Washington being what it is, partisans almost immediately began exploiting this tragedy for political gain, blaming Amtrak opponents for supposedly starving Amtrak of operating subsidies. Carl Cannon highlights some of the more shameless examples from Democratic groups and politicians, such as the Agenda Project Action Fund’s claim that “Republican Cuts Kill… Again.” They argue that Amtrak’s alleged lack of sufficient operating subsidies has delayed the rollout of a set of rail safety technologies called positive train control (PTC). House Speaker John Boehner has righty called linking Amtrak funding to the derailment “stupid.”

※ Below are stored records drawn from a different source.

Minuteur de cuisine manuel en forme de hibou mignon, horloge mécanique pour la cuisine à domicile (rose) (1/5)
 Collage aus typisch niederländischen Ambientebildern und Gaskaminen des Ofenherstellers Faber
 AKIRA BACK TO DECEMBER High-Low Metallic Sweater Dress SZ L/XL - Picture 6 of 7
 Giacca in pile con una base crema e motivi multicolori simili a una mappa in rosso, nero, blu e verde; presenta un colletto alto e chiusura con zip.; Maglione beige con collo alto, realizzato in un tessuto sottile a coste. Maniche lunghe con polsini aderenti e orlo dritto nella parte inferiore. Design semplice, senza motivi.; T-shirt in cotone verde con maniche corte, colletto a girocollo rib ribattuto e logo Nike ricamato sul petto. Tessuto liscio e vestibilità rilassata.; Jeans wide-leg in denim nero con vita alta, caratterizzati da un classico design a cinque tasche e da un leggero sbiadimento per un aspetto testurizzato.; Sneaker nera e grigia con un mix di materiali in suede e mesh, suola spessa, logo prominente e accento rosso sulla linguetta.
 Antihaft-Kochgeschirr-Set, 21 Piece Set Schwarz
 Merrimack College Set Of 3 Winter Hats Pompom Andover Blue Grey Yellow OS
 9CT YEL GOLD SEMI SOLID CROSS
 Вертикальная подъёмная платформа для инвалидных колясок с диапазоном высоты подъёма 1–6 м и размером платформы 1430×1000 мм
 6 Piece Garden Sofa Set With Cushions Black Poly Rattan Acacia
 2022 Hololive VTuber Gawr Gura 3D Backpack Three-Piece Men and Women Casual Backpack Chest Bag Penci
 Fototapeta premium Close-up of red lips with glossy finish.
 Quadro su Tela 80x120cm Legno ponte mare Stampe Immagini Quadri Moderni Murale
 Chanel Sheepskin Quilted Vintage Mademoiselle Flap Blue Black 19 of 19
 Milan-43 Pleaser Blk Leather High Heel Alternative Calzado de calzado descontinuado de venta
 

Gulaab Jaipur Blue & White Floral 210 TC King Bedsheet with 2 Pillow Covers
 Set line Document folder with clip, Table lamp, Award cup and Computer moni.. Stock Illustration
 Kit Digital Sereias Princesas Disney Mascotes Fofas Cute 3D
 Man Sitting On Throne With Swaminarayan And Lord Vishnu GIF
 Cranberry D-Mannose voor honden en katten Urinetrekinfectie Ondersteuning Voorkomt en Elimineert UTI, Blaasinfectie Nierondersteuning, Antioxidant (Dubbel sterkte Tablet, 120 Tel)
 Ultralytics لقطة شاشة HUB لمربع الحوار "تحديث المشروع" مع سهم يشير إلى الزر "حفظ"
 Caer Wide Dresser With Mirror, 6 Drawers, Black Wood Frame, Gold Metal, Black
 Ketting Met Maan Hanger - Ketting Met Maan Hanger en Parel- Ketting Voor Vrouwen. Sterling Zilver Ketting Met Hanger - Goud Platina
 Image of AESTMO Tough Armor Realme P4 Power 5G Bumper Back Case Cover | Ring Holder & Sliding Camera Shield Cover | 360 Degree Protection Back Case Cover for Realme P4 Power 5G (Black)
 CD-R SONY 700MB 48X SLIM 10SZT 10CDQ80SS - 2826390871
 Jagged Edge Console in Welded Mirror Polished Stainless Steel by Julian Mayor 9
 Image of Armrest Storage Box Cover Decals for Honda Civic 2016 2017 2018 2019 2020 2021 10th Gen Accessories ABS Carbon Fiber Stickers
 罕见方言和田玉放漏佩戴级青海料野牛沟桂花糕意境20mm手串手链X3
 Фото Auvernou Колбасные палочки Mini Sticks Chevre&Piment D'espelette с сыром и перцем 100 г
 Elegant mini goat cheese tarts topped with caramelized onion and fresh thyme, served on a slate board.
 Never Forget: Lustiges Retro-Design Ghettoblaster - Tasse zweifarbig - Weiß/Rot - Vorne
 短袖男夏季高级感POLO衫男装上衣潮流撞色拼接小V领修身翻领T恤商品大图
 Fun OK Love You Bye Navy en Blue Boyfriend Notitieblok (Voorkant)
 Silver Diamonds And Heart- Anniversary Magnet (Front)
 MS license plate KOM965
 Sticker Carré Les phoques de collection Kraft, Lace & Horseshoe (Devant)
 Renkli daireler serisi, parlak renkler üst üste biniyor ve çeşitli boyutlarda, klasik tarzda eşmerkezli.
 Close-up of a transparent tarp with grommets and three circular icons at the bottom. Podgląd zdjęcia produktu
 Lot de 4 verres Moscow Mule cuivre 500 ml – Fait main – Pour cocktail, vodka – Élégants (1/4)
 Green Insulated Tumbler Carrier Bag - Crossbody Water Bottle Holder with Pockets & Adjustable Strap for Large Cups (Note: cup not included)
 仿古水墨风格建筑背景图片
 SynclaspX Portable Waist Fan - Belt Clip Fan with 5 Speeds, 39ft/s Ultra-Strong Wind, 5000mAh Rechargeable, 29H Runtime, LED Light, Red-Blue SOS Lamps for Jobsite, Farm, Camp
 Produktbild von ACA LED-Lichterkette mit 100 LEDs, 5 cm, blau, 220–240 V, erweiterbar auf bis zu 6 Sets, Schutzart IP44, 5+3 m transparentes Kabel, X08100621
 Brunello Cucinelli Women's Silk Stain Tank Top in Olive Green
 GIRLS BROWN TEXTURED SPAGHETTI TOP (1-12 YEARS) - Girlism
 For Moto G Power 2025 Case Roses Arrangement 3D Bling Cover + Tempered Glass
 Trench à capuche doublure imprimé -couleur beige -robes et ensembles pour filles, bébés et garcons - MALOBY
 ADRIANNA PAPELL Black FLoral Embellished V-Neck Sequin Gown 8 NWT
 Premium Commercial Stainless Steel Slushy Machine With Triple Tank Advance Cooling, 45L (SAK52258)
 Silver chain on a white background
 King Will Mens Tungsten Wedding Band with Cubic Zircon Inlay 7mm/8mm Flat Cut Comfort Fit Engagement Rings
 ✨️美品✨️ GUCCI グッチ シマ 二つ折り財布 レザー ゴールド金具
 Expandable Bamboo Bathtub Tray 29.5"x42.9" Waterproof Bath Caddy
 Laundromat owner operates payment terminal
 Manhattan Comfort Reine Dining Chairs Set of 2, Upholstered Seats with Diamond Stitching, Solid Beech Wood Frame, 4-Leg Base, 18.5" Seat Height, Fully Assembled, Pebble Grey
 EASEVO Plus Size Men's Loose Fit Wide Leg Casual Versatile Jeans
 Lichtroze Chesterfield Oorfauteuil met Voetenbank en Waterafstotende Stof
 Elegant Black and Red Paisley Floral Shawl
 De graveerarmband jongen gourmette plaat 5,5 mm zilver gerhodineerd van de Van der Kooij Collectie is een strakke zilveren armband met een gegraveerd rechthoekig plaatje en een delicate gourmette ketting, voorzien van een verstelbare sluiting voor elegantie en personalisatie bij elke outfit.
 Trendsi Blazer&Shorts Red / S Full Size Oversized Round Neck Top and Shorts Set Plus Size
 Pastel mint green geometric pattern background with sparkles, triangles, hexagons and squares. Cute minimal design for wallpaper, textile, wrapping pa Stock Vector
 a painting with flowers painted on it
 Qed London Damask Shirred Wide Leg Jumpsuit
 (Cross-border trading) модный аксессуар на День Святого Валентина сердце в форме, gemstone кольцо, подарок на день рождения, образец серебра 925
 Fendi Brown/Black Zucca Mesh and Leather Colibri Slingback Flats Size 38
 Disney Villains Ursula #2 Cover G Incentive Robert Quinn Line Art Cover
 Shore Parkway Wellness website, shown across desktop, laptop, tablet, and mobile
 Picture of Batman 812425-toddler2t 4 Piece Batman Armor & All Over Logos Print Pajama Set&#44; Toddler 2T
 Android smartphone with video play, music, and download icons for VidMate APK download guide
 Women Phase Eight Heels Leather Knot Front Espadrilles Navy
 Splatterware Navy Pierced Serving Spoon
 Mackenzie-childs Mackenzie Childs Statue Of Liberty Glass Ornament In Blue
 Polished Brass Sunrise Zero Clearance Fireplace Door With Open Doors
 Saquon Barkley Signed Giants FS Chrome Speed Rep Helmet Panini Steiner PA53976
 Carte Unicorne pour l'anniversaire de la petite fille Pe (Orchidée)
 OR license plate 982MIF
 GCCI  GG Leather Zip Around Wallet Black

But rather than learn from Speaker Boehner’s accurate rebuke, New York Sen. Charles Schumer doubled down, saying, “Speaker Boehner’s comments are patently false. Experts have made clear that Positive Train Control could have prevented the tragedy in Philadelphia. It is simply a fact that insufficient funding for Amtrak has delayed the installation of PTC, and to deny a connection between the accident and underfunding Amtrak is to deny reality.”
Yes, Sen. Schumer, it is stupid to make this absurd suggestion. To understand why it is baseless, you need understand a little bit about the history of PTC and Amtrak.
Amtrak was created in 1970 to provide emergency passenger rail service throughout much of the United States. The private railroads were dying under a stultifying regulatory regime, leading to many bankruptcies, with members of Congress fearing the U.S. would lose passenger and freight rail service. The railroads had been cross-subsidizing passenger rail for decades, but while they were circling the drain in the 1970s, the passenger service mandates became too much to bear. It was widely believed that Amtrak would be temporary, and that deregulated railroads would either retake control of the passenger routes or intercity passenger rail would simply end up in the dustbin of history.
Unfortunately, Amtrak has a small but powerful constituency and taxpayers have now doled out more than $45 billion in subsidies to keep Amtrak afloat. Amtrak accounts for just 0.15 percent of passenger-miles and 0.8 percent of trips more than 50 miles in the U.S.